The currently fragmented system of deposit insurance for accounts and other assets held at Islamic banks is now set to get clearly defined standards and guidelines to which the Islamic finance sector can be aligned. The Switzerland-based International Association of Deposit Insurers and the Islamic Financial Services Board (IFSB) on August 6 in Kuala Lumpur signed a memorandum of understanding to set up a joint working group which would develop and promote technical standards for the implementation of effective and comprehensive Islamic deposit insurance systems. 
“What we will do is to create Islamic core principles for effective Islamic deposit insurance systems and provide guidance for the members of both organisations and the deposit insurance sector in general,” said Bello Lawal Danbatta, secretary-general of the IFSB. The agreement will also provide for workshops, conferences, seminars, forums and programmes for banks and financial institutions to promote the new system, as well as provide technical assistance and knowledge-sharing, Danbatta added. 
The “core principles” will then enable Islamic deposit insurance providers to identify gaps in their existing deposit insurance practices, while also provide an international standard-setting benchmark to facilitate independent assessment on the effectiveness of a bank’s Shariah-compliant deposit insurance system.
Actually, it was about time that a comprehensive system for Islamic deposit insurance is being set up. The current practices are very diverse and differ from country to country, even from bank to bank.
In principle, an Islamic deposit insurance system is an arrangement to protect insured depositors against the loss of their insured Islamic deposits placed with Islamic banking institutions in the event of the failure of the latter.
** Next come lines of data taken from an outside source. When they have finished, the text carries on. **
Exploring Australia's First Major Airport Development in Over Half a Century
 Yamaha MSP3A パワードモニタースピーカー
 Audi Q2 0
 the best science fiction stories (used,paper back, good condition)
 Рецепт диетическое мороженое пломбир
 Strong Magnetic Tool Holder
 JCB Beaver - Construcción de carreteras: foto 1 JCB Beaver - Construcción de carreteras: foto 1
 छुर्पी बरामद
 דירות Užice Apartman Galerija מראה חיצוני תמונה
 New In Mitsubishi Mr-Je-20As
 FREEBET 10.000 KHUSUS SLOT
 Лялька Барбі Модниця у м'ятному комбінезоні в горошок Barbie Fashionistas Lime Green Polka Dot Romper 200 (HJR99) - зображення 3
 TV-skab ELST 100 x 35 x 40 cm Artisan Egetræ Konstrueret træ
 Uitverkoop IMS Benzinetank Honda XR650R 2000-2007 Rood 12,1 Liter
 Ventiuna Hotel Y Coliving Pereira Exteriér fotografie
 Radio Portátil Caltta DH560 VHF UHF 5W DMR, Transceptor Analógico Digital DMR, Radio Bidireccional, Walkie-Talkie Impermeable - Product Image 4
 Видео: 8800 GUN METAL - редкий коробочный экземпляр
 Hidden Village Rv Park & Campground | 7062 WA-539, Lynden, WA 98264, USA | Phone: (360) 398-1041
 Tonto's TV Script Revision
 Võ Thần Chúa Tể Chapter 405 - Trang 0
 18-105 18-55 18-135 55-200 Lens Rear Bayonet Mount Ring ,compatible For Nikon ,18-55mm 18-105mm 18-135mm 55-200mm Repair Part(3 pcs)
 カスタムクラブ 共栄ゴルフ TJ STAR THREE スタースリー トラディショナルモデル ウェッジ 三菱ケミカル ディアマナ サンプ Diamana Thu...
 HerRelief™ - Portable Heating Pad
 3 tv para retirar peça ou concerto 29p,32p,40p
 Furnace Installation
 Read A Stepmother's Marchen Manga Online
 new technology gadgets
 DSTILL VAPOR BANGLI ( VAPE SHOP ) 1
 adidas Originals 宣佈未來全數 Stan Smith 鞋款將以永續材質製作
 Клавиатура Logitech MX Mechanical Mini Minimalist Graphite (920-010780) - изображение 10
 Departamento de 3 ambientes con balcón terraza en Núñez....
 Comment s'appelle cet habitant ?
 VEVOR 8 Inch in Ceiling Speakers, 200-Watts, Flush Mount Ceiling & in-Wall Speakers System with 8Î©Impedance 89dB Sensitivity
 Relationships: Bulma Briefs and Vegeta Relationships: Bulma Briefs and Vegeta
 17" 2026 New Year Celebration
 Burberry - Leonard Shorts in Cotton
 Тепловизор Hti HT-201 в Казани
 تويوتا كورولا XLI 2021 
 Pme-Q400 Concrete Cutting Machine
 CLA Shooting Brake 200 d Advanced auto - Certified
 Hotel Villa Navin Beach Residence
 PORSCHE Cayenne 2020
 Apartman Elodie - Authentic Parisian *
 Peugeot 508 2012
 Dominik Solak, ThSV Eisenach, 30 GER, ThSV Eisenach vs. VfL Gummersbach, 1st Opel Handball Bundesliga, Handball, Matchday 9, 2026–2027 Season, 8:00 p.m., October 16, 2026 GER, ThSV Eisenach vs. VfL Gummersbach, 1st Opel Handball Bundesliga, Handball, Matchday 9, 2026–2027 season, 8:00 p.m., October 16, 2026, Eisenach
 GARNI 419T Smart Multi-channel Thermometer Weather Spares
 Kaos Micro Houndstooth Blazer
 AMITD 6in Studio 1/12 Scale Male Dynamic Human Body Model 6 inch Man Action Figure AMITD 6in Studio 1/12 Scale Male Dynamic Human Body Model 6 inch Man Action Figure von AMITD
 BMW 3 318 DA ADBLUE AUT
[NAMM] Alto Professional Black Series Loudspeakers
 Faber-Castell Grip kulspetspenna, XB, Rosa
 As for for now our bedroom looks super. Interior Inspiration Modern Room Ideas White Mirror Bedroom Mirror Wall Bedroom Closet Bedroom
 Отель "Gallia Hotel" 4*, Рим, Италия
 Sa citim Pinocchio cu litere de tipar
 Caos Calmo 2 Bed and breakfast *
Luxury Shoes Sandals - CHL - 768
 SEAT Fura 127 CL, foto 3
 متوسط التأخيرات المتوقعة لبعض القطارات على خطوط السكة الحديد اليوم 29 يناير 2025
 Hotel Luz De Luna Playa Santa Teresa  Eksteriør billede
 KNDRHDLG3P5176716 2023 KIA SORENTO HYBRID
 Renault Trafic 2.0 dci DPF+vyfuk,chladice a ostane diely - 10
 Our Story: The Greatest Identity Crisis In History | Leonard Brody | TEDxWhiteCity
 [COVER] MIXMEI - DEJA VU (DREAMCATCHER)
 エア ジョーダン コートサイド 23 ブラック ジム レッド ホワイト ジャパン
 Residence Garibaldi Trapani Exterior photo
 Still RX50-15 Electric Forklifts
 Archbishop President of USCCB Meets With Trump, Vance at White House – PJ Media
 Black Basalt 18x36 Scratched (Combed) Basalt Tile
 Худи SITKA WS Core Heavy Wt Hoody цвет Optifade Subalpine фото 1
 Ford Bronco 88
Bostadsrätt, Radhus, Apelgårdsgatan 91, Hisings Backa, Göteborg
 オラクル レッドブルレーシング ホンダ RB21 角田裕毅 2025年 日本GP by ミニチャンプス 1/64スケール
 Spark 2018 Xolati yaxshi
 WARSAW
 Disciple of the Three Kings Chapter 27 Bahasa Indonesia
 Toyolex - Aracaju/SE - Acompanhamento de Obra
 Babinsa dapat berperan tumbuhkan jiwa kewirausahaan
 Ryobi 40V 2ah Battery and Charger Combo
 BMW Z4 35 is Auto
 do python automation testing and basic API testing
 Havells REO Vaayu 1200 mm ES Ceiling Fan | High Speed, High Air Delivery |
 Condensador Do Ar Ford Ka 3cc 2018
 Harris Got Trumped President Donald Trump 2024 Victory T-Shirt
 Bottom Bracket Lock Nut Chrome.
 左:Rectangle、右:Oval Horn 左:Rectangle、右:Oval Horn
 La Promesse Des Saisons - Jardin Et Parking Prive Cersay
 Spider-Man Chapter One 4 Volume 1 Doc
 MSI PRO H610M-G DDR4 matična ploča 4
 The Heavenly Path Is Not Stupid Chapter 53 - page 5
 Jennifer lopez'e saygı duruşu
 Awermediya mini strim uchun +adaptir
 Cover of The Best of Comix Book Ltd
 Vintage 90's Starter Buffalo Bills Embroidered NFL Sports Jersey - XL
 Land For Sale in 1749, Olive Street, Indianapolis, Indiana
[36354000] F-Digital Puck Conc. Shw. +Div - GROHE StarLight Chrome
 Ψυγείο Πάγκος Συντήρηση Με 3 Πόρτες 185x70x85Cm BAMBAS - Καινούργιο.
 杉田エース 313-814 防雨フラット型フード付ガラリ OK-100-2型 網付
Its purpose is the same as conventional deposit insurance schemes, i.e. to repay depositors for their losses in case a bank becomes illiquid up to a certain threshold. 
To that end, in both systems, banks are required to pay into a deposit insurance fund which may or may not be guaranteed by a country’s central bank or be managed by a government-backed or private institution. The difference of Islamic deposit insurance to conventional is that the former is structured under Shariah-compliant contracts such as safe-keeping (wadiah) and profit-sharing (mudharabah). In this system, deposits are held in trusts and utilised by banks at their own risk. The deposit insurers levy an annual premium based on the contributory institution’s total insured deposit base. The deposit insurance trust’s assets may be invested in sukuk or similar vehicles according to Shariah principles, or held in a respective takaful structure.
The new clear guidelines should reduce the complexity that arises for Islamic deposit insurance from the risk-sharing principle in Islamic finance and the fact that – by and large – account holders at Islamic banks are regarded as profit- or loss-sharing investors rather than depositors, except when a safe-keeping contract is the underlying scheme. 
But Islamic deposit insurance system seeks to go beyond that by granting the insurability of profit-loss sharing investment accounts.
The concept of deposit insurance in the Islamic financial industry is relatively new, and few countries have implemented it, despite the rapidly growing asset base of Islamic banks all over the world. 
Bahrain was the first to introduce an Islamic deposit insurance scheme in 1993, Sudan followed in 1996, thereafter Kuwait and Jordan developed schemes of their own, and Malaysia did so in 2005. Turkey’s Islamic deposit insurance system, developed in 2001, was absorbed into its conventional system in 2005, while Qatar back in 2014 recognised the need for such a safety net given the increasing scale of operations of its Islamic banking sector and began developing its own, takaful-based Islamic deposit insurance scheme. 
The Indonesia Deposit Insurance Corp also announced plans to introduce a Shariah-compliant protection system. 
The new core principles by the IFSB will certainly be helpful to achieve higher standards of Islamic deposit protection.